### Activity
Reproduce from the records below, with no pictures, exactly the lines between the one containing "Golden & Silver" and the one containing "Certified 2023 INFINITI", inclusive.

### Information provided
* * *
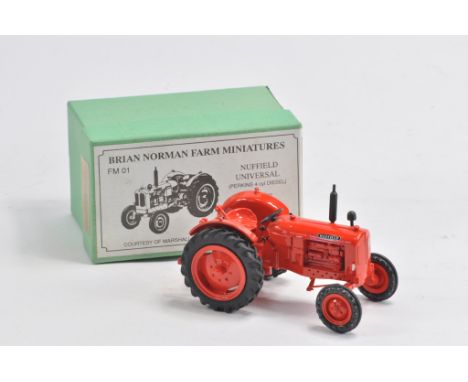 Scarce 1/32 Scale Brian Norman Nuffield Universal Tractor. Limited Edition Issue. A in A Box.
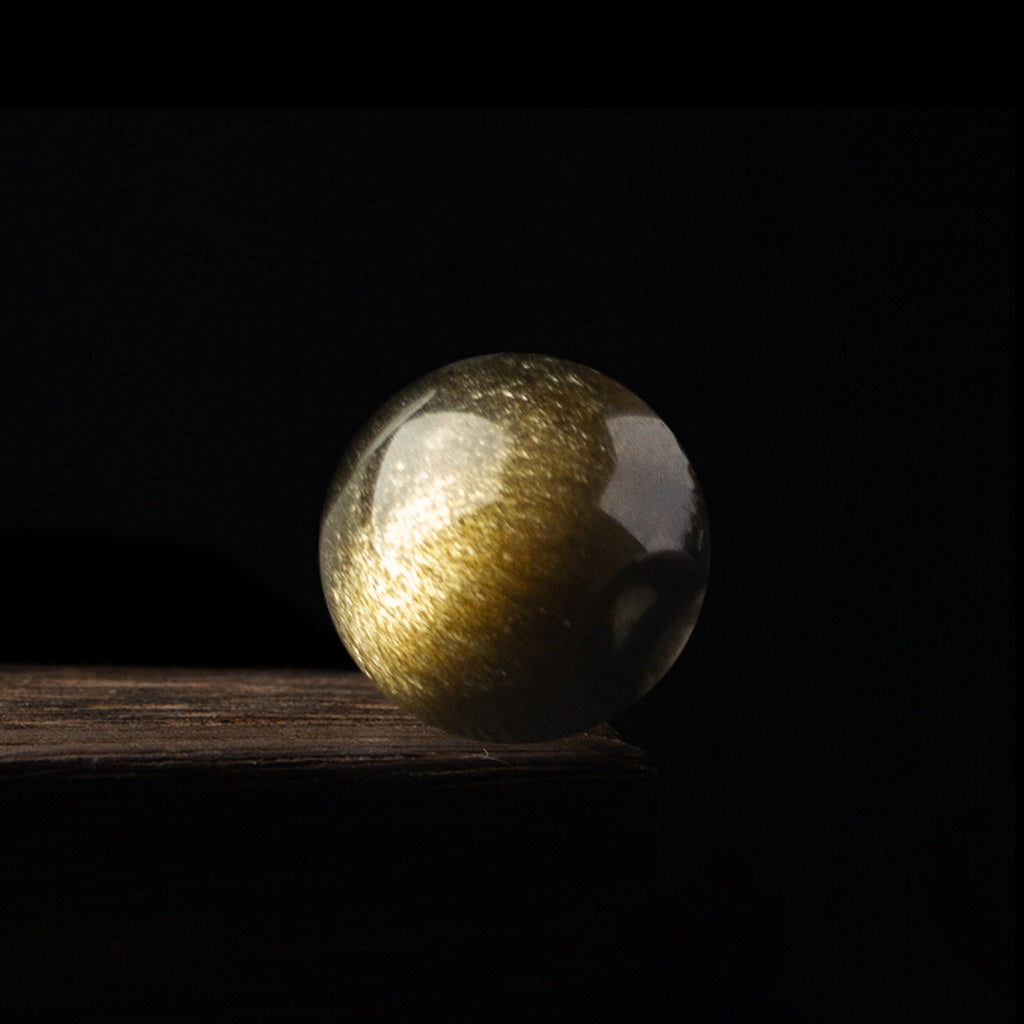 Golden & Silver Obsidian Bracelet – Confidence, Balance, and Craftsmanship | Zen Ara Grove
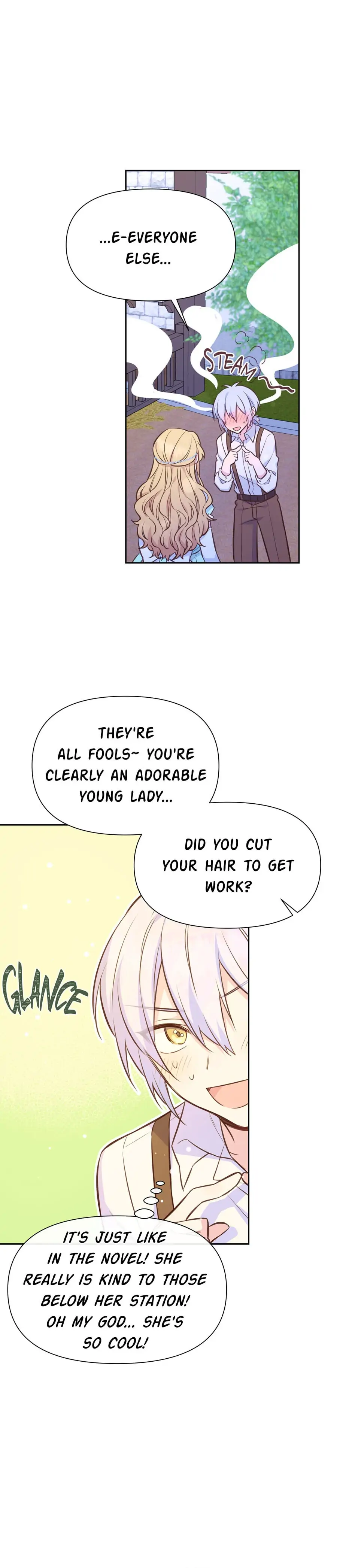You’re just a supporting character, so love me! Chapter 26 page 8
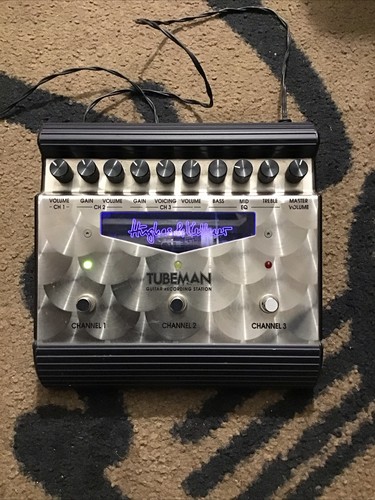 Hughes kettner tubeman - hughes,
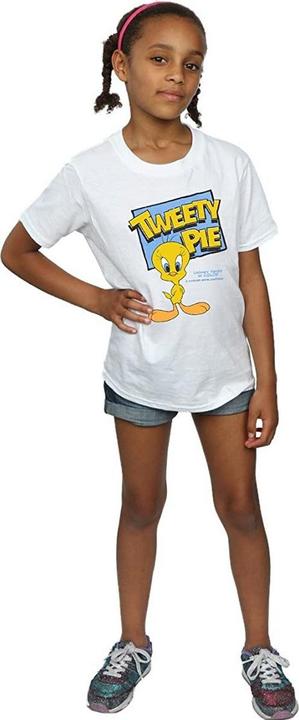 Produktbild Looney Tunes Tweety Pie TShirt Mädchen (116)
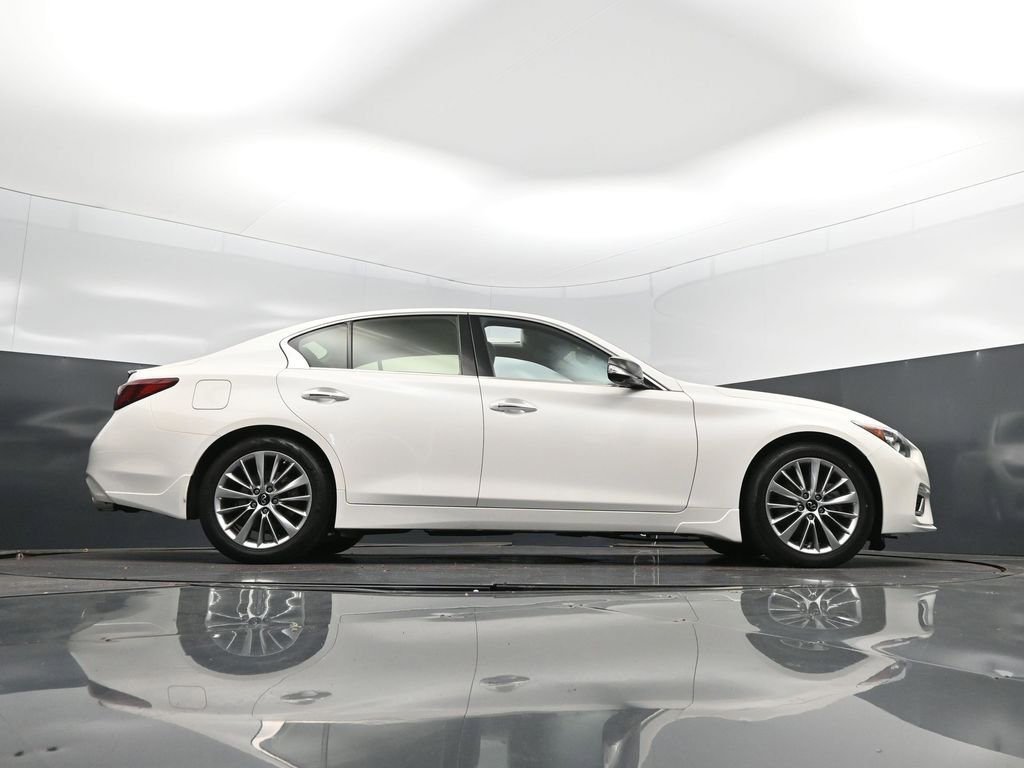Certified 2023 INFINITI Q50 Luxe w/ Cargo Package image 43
* * *
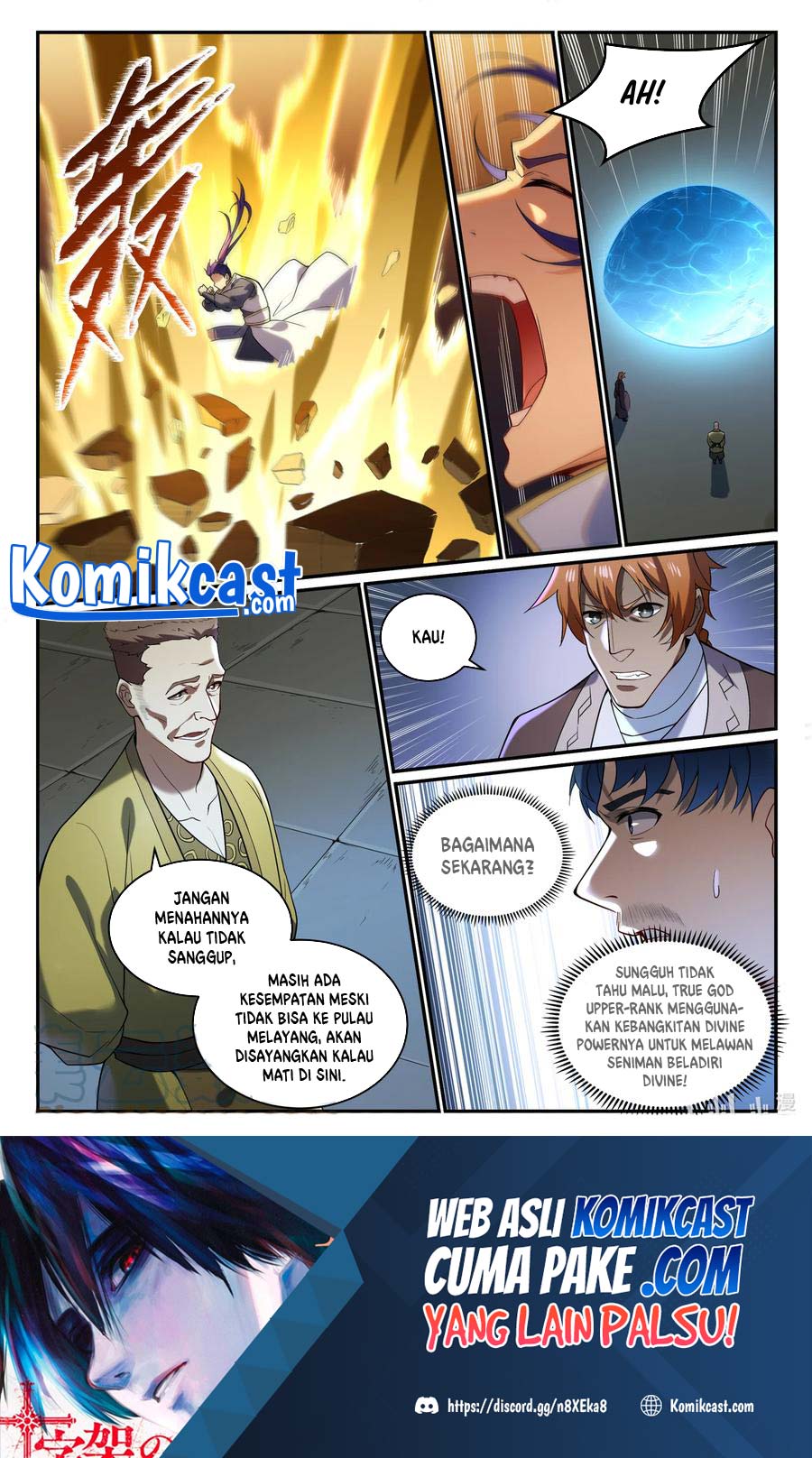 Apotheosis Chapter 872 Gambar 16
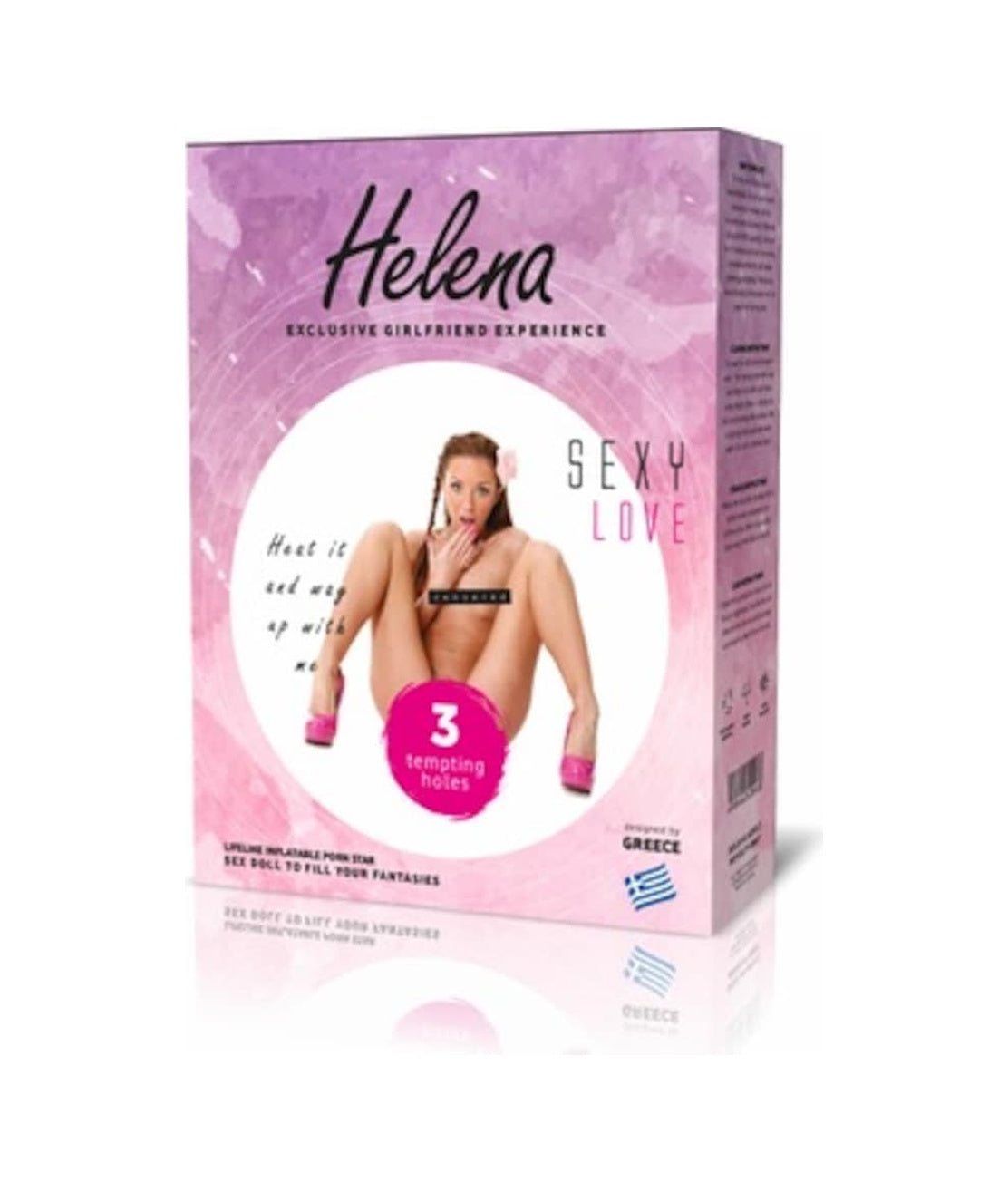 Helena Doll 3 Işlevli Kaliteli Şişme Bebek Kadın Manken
* * *
### Solved problem
 Golden & Silver Obsidian Bracelet – Confidence, Balance, and Craftsmanship | Zen Ara Grove
You’re just a supporting character, so love me! Chapter 26 page 8
 Hughes kettner tubeman - hughes,
 Produktbild Looney Tunes Tweety Pie TShirt Mädchen (116)
Certified 2023 INFINITI Q50 Luxe w/ Cargo Package image 43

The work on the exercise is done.